As for exports to third countries from the Community that are not prohibited, the Community Regulation aims to ensure that waste management is carried out in an environmentally sound manner throughout the course of the shipment and including valorization or disposal in the third-country destination. To this end, it is required that the waste-receiving facility comply with standards for the protection of human health and the environment equivalent to those established in Community legislation.

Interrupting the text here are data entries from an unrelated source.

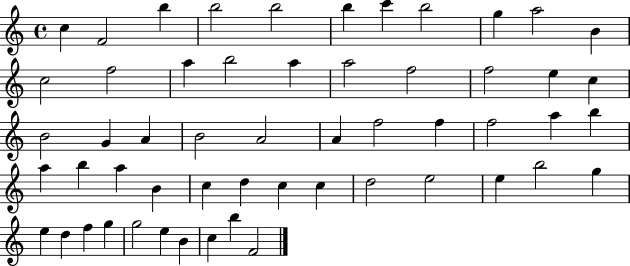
X:1
T:Untitled
M:4/4
L:1/4
K:C
c F2 b b2 b2 b c' b2 g a2 B c2 f2 a b2 a a2 f2 f2 e c B2 G A B2 A2 A f2 f f2 a b a b a B c d c c d2 e2 e b2 g e d f g g2 e B c b F2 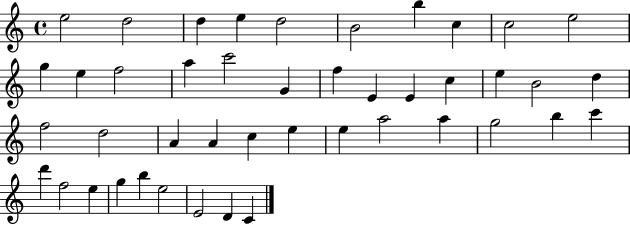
{
  \clef treble
  \time 4/4
  \defaultTimeSignature
  \key c \major
  e''2 d''2 | d''4 e''4 d''2 | b'2 b''4 c''4 | c''2 e''2 | \break g''4 e''4 f''2 | a''4 c'''2 g'4 | f''4 e'4 e'4 c''4 | e''4 b'2 d''4 | \break f''2 d''2 | a'4 a'4 c''4 e''4 | e''4 a''2 a''4 | g''2 b''4 c'''4 | \break d'''4 f''2 e''4 | g''4 b''4 e''2 | e'2 d'4 c'4 | \bar "|."
} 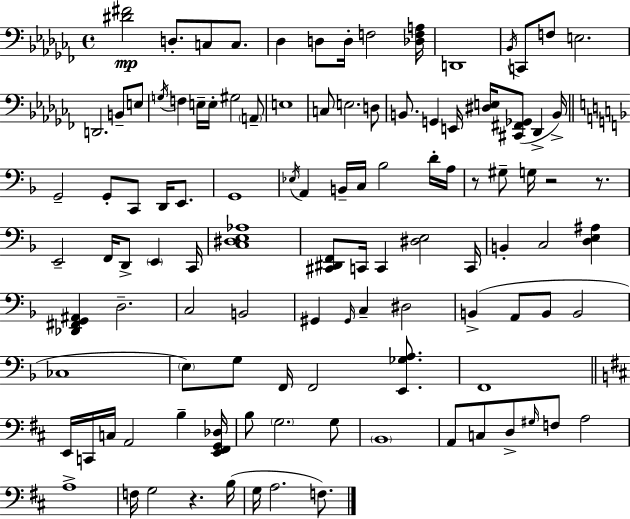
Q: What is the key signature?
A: AES minor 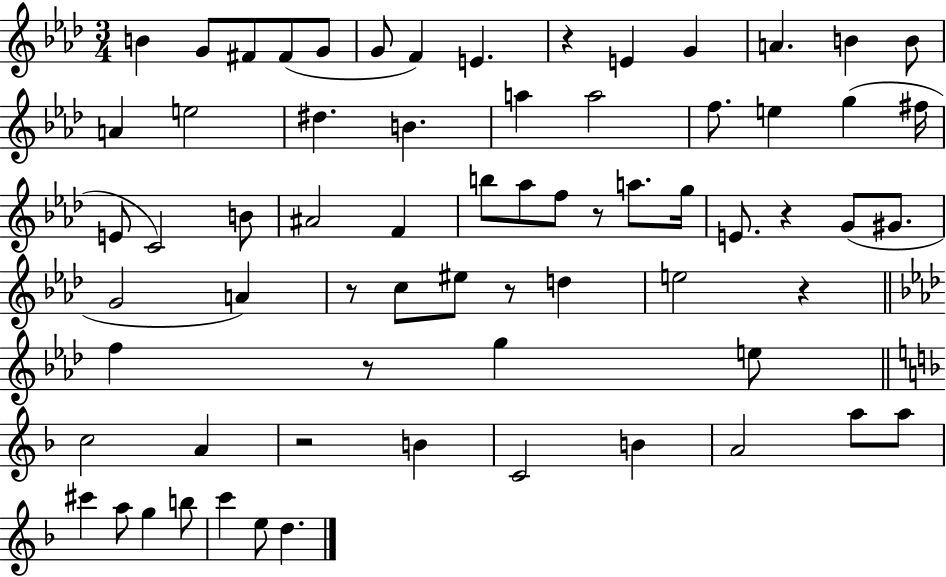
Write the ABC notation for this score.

X:1
T:Untitled
M:3/4
L:1/4
K:Ab
B G/2 ^F/2 ^F/2 G/2 G/2 F E z E G A B B/2 A e2 ^d B a a2 f/2 e g ^f/4 E/2 C2 B/2 ^A2 F b/2 _a/2 f/2 z/2 a/2 g/4 E/2 z G/2 ^G/2 G2 A z/2 c/2 ^e/2 z/2 d e2 z f z/2 g e/2 c2 A z2 B C2 B A2 a/2 a/2 ^c' a/2 g b/2 c' e/2 d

The monitoring and control of waste shipments within a Member State, as the Community Regulation itself acknowledges in its preamble, is a matter for the Member State concerned; however, as the regulation also states, national waste shipment regimes must take into account the need to maintain consistency with the Community system, in order to ensure a high level of environmental protection and human health throughout the territory of the Union.

For this reason, Article 33 of the Community Regulation obliges each Member State to establish an appropriate system for monitoring and controlling waste shipments carried out exclusively within its jurisdiction. This system must take into account the need to ensure consistency with the Community regime established by Titles II and VII of the Community Regulation itself (which regulate respectively shipments within the Community with or without transit through third countries and additional provisions relating to environmental protection, inspections of establishments and companies, as well as infringements and sanctions).

II

To comply with the mandate contained in the aforementioned Article 33 of the Community Regulation, Law 22/2011, of July 28, on Waste and Contaminated Soils, has established a legal framework to regulate the transfer of waste within the territory of the State, based on the principles of international and Community law.

It should be noted that this is not the first time that the matter has been addressed in our legal system. Royal Decree 833/1988, of July 20, approving the Regulation for the implementation of Basic Law 20/1986, on Toxic and Hazardous Waste, already regulated the obligations related to the transfer of waste, albeit limited to the then-called «toxic and hazardous waste» – «hazardous waste» in the current terminology – in line with the then-prevailing Community law: Council Directive 84/631/EEC of December 6, 1984, on the supervision and control of shipments of waste within, into, and out of the European Community.

This Royal Decree is repealed, among other reasons, because, as already mentioned, its purpose was limited to the regulation of a specific type of waste and because, over time, successive regulatory developments have altered the legal framework, which now includes not only the aforementioned Law 22/2011, of July 28, but also Law 22/2011, of July 28, on Waste and Contaminated Soils, and its implementing regulations, Royal Decree 180/2015, of March 13, on the transfer of waste within the territory of the State, which are now being approved.

III

Royal Decree 180/2015, of March 13, responds to the need to ensure a high level of environmental protection and human health throughout the territory of the State, as required by the Community system, and therefore establishes the requirements and procedures for the transfer of waste within the territory of the State, as well as the regime for the organization and functioning of the administrative bodies responsible for the supervision and control of these transfers.

IV

This Royal Decree, which is structured in six titles, a transitional provision, a repealing provision, and two final provisions, seeks to ensure that the transfer of waste within the territory of the State is carried out in a controlled manner and in accordance with the principles of proximity and self-sufficiency in waste management, prioritizing, as required by the Community system, the prevention of waste generation and the promotion of its reuse, recycling, and other forms of recovery, as well as the disposal of waste in accordance with the hierarchy of waste management established by Law 22/2011, of July 28, on Waste and Contaminated Soils.